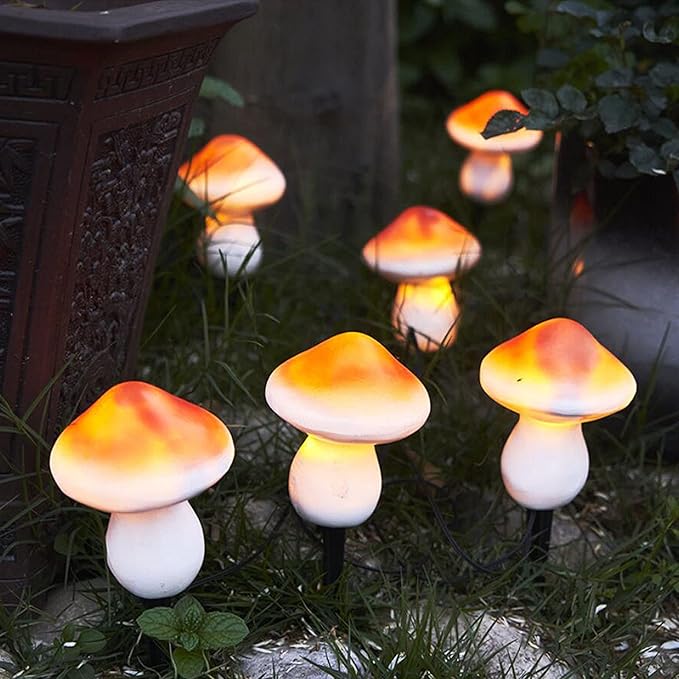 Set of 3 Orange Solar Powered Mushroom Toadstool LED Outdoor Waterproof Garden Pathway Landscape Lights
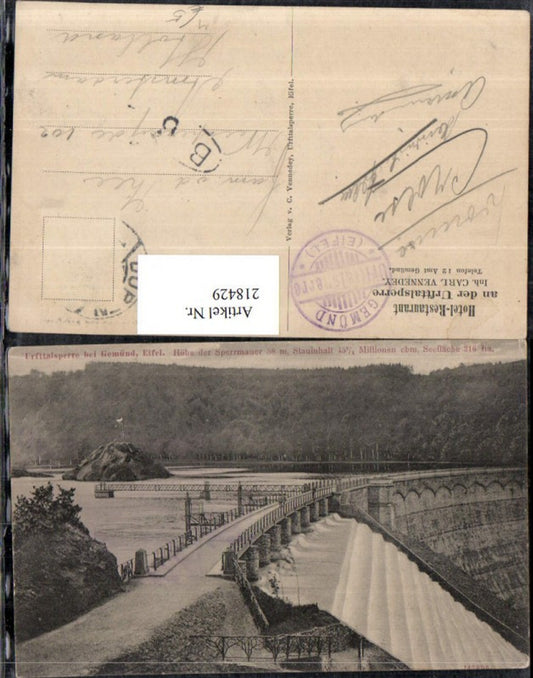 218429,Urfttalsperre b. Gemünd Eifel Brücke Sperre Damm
==
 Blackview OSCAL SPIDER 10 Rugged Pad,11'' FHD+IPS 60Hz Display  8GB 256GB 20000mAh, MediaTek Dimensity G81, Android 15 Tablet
==
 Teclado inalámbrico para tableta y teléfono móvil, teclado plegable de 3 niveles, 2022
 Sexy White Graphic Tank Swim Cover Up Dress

WHAT NEEDS TO BE DONE.
Write out exactly the lines above between the line with "Teclado inalámbrico para" and the line with "Sexy White Graphic Tank Swim Cover Up Dress", inclusive, and nothing beyond them.

ANSWER TO THIS EXERCISE.
 Teclado inalámbrico para tableta y teléfono móvil, teclado plegable de 3 niveles, 2022
 Sexy White Graphic Tank Swim Cover Up Dress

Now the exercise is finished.